Conduct and Interpret a Mann-Whitney U-Test

What is the Mann-Whitney U-Test?

The Mann-Whitney U-test is a non-parametric method used to compare differences between two independent groups on a continuous or ordinal scale. It does not assume any specific distribution of the data, making it particularly useful for analyzing data that do not meet the normal distribution requirements of parametric tests like the t-test or ANOVA.

Essentially, the Mann-Whitney U-test evaluates whether the ranks of two independent samples differ significantly. This is achieved by ranking all the observations together, regardless of the group they belong to, and then summing the ranks for each group. The U statistic is calculated from these sums and used to assess the likelihood that the two samples come from the same population.

Unlike the t-test, which compares means, the Mann-Whitney U-test focuses on median differences, offering a robust alternative when data are not normally distributed or when dealing with ordinal data. It serves as the foundation for the Kruskal-Wallis H-test, which extends the comparison to more than two groups through multiple pairwise U-tests.

Developed initially by Wilcoxon in 1945 for equal sample sizes and expanded by Mann and Whitney in 1947 to accommodate unequal sample sizes, the Mann-Whitney U-test remains a cornerstone in statistical analysis for non-parametric data. Its flexibility and lack of stringent distributional assumptions make it a preferred choice for researchers dealing with non-normal data distributions or ordinal measurements.

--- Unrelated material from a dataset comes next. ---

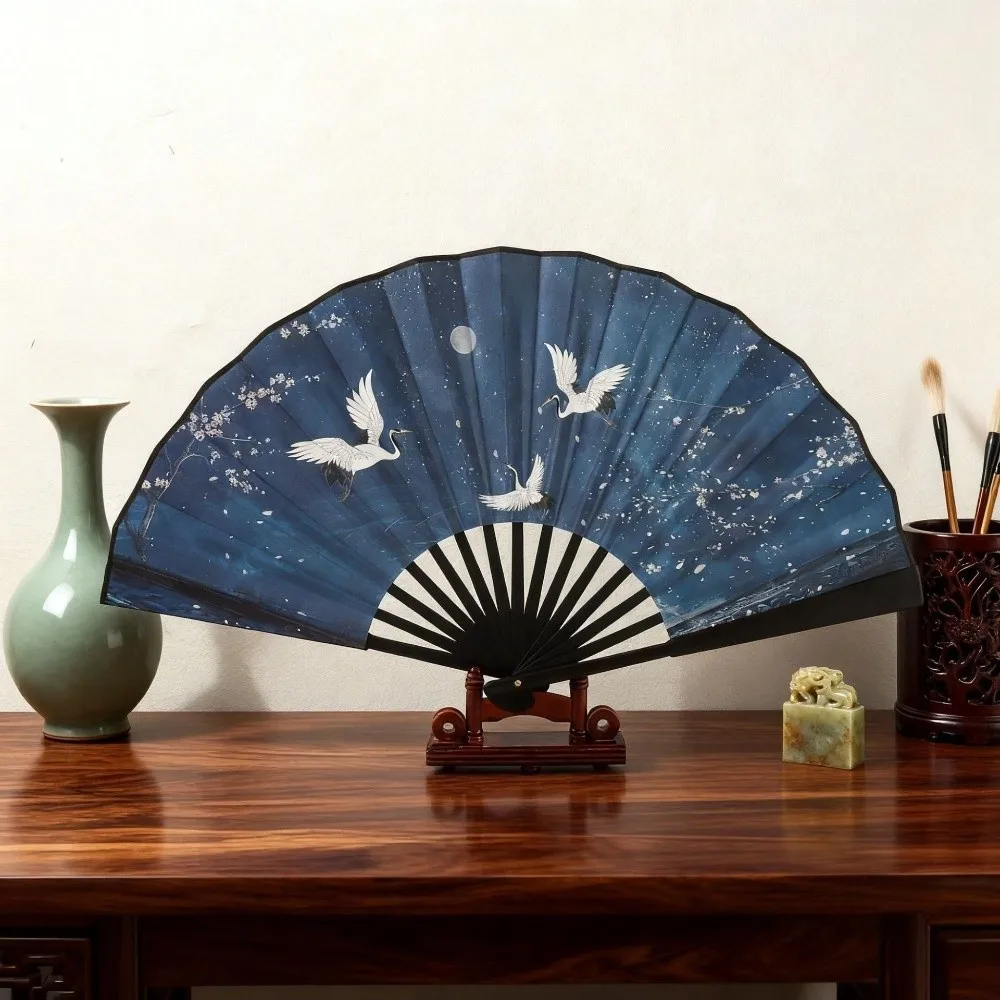Decoration Collapsible Hand Fan Cloth Chinese Style Ancient-style Folding Fan Home Ornaments Flower Classical Fan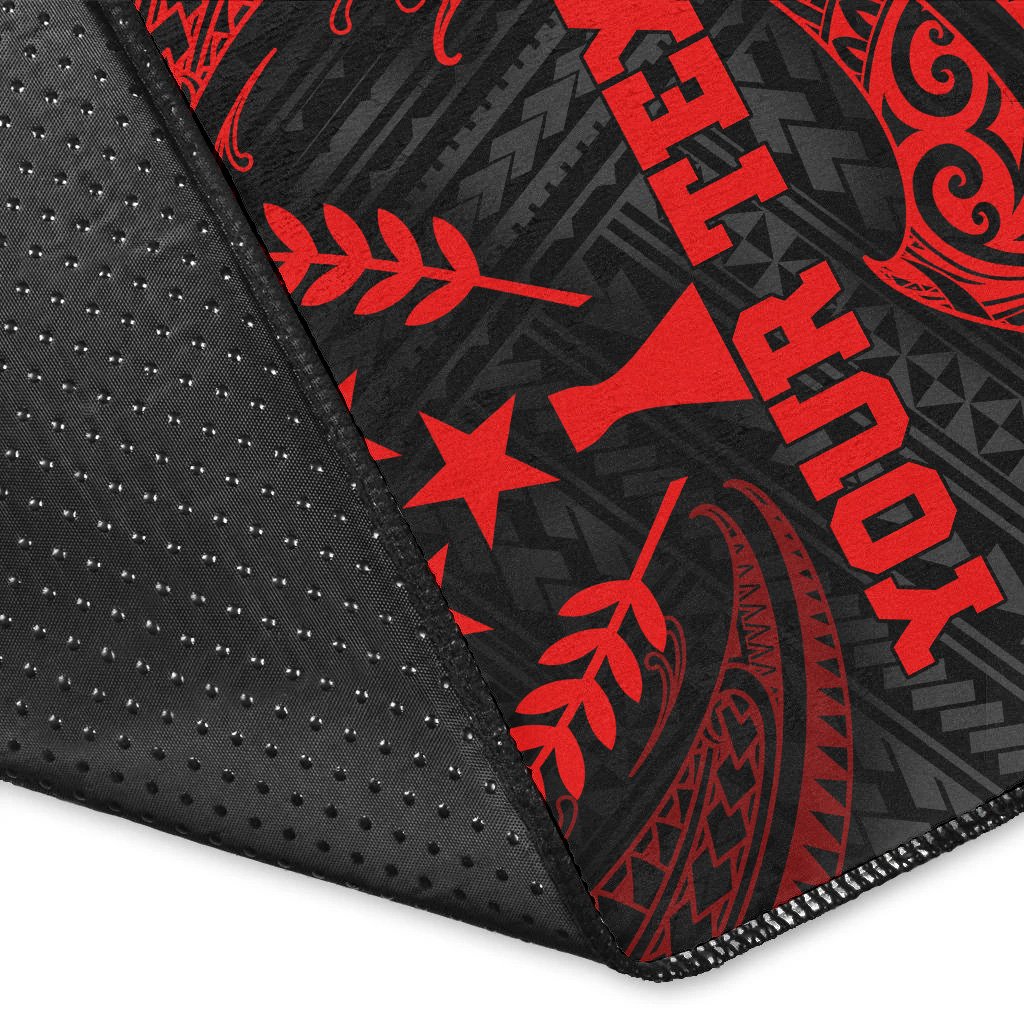 Kosrae Polynesian Custom Personalised Area Rug - Red Tribal Wave - Polynesian Pride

The Mann-Whitney U-test utilizes a unified approach to ranking all observations across groups, distinguishing it from parametric counterparts like the t-test and F-test, which compare mean values. Its primary focus is on medians rather than means, enhancing its resilience against outliers and distributions with heavy tails. This non-parametric nature means it does not presuppose a specific distribution for the data, making it particularly suitable for data that are not normally distributed but are at least ordinal.

The robustness of the Mann-Whitney U-test stems from its ability to provide reliable comparisons without the strict distributional requirements needed for parametric tests. It’s ideal for evaluating median differences when dealing with non-normal distributions or ordinal data. For significance testing, the U-test assumes that with sample sizes greater than 80, or when each sample size exceeds 30, the distribution of the U statistic approximates a normal distribution. This allows the U statistic, derived from sample data, to be assessed against a normal distribution to determine confidence levels.

The essence of the Mann-Whitney U-test lies in its capacity to detect differences in medians that are influenced by an independent variable. It can also be interpreted as assessing whether one sample stochastically dominates another, with the U-value quantifying the frequency of observations from one group ranking higher than those from another. This is based on the probability concept that one sample is likely to yield higher values than the other. In some contexts, the Mann-Whitney U-test is also utilized to ascertain if two samples originate from the same population by comparing their distributions.

Other non-parametric tests for comparing distributions include the Kolmogorov-Smirnov Z-test and the Wilcoxon signed-rank test, each offering unique approaches to analyze data that does not fit the assumptions required by parametric methods.

The Mann-Whitney U-Test in SPSS The research question for our U-Test is as follows: Do the students that passed the exam achieve a higher grade on the standardized reading test? The question indicates that the independent variable is whether the students have passed the final exam or failed the final exam, and the dependent variable is the grade achieved on the standardized reading test (A to F). The Mann-Whitney U-Test can be found in Analyze/Nonparacontinuous-level Tests/Legacy Dialogs/2 Independent Samples…

In the dialog box for the nonparacontinuous-level two independent samples test, we select the ordinal test variable ‘mid-term exam 1’, which contains the pooled ranks, and our nominal grouping variable ‘Exam‘.  With a click on ‘Define Groups…‘ we need to specify the valid values for the grouping variable Exam, which in this case are 0 = fail and 1 = pass. We also need to select the Test Type.  The Mann-Whitney U-Test is marked by default.  Like the Mann-Whitney U-Test the Kolmogorov-Smirnov Z-Test and the Wald-Wolfowitz runs-test have the null hypothesis that both samples are from the same population.  Moses extreme reactions test has a different null hypothesis: the range of both samples is the same. The U-test compares the ranking, Z-test compares the differences in distributions, Wald-Wolfowitz compares sequences in ranking, and Moses compares the ranges of the two samples.  The Kolmogorov-Smirnov Z-Test requires continuous-level data (interval or ratio scale), the Mann-Whitney U-Test, Wald-Wolfowitz runs, and Moses extreme reactions require ordinal data. If we select Mann-Whitney U, SPSS will calculate the U-value and Wilcoxon’s W, which the sum of the ranks for the smaller sample.  If the values in the sample are not already ranked, SPSS will sort the observations according to the test variable and assign ranks to each observation. The dialog box Exact… allows us to specify an exact non-paracontinuous-level test of significance and the dialog box Options… defines how missing values are managed and if SPSS should output additional descriptive statistics.